La Russia esce dal conflitto
Mentre il trattato si delineava, le truppe tedesche iniziarono ad avanzare ad est occupando Borisov, Dorpat e Narva sul Baltico, il 2 marzo l’esercito tedesco entrò a Kiev, mentre più a nord parevano decisi ad entrare a Pietrogrado. In due settimane, senza quasi incontrare resistenza, i tedeschi catturarono 63.000 soldati russi, 2600 pezzi d’artiglieria e 5000 mitragliatrici, armi molto utili per la campagna ad occidente.

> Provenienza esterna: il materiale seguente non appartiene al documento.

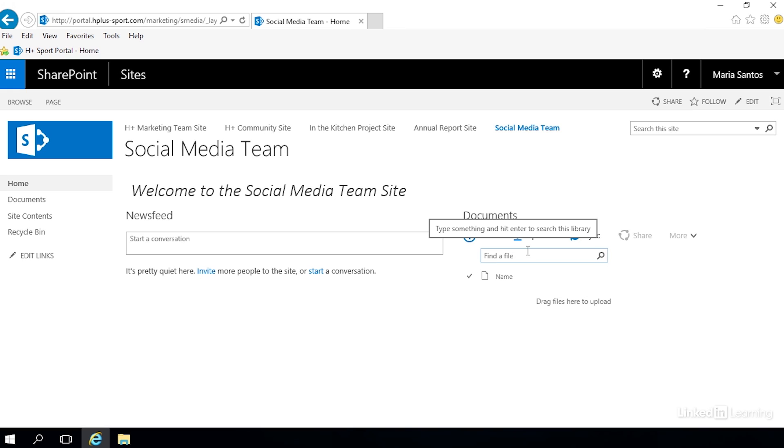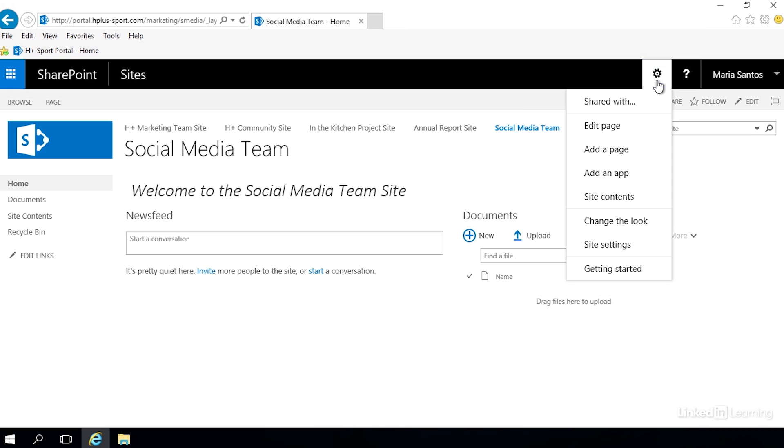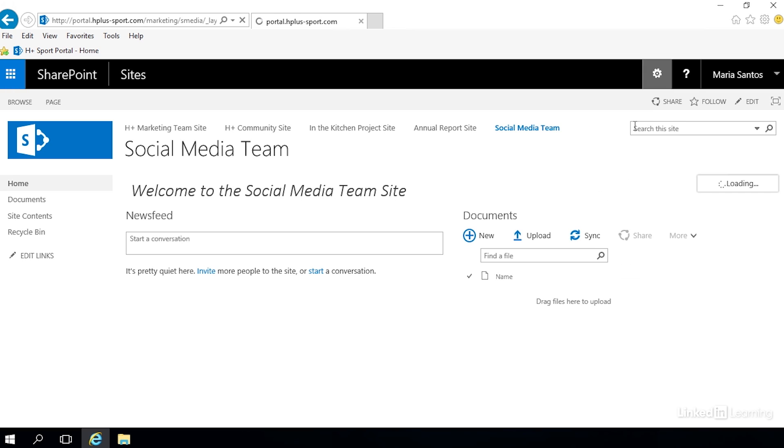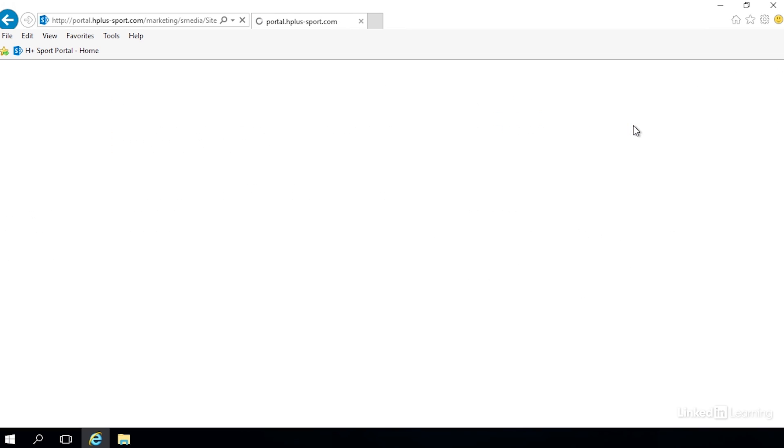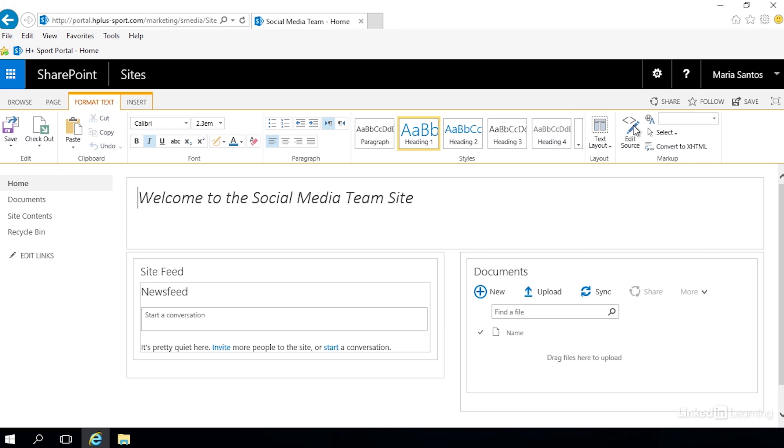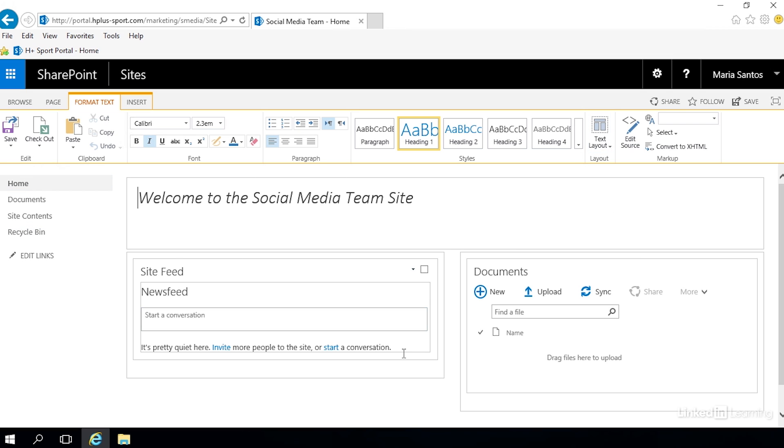When I open the page for editing you'll see this a little bit more obviously. We're going to go up here to the upper right and click on our gear and choose edit page. It opens the page for editing and now you can see those blocks just like I described them. We have the header which is around the welcome to the social media team site, column left which has the newsfeed, and column right which holds the document library.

Alle 17 del 3 marzo il trattato di pace venne firmato, i russi rinunciavano a tutte le pretese sulle provincie baltiche, sulla Polonia, la Russia Bianca, la Finlandia, la Bessarabia, l’Ucraina e il Caucaso perdendo così un terzo della popolazione dell’anteguerra, un terzo delle terre arabili e nove decimi delle miniere di carbone. Dovettero inoltre cedere tutte le basi del Baltico, eccetto Kronštadt, le navi da guerra del Mar Nero di stanza a Odessa e a Nikolajev dovettero essere disarmate e 630.000 prigionieri austriaci furono liberati. La guerra ad oriente era finita, la Russia non era più in guerra: il conflitto su due fronti, fin dal 1914 incubo per la Germania e l’Austria-Ungheria, non esisteva più. La Germania trasferì così tutto il potenziale a occidente, compreso tutto l’armamentario conquistato durante l’avanzata in Russia precedente la firma del trattato, avanzata che aveva lo scopo di mettere pressione al governo bolscevico e indurlo a firmare.
Il 21 marzo Ludendorff sferrò una grande offensiva ad occidente che, in caso di successo, avrebbe consentito alla Germania di vincere la guerra. Ludendorff sferrò una serie di tre offensive per cercare di spezzare la resistenza Alleata.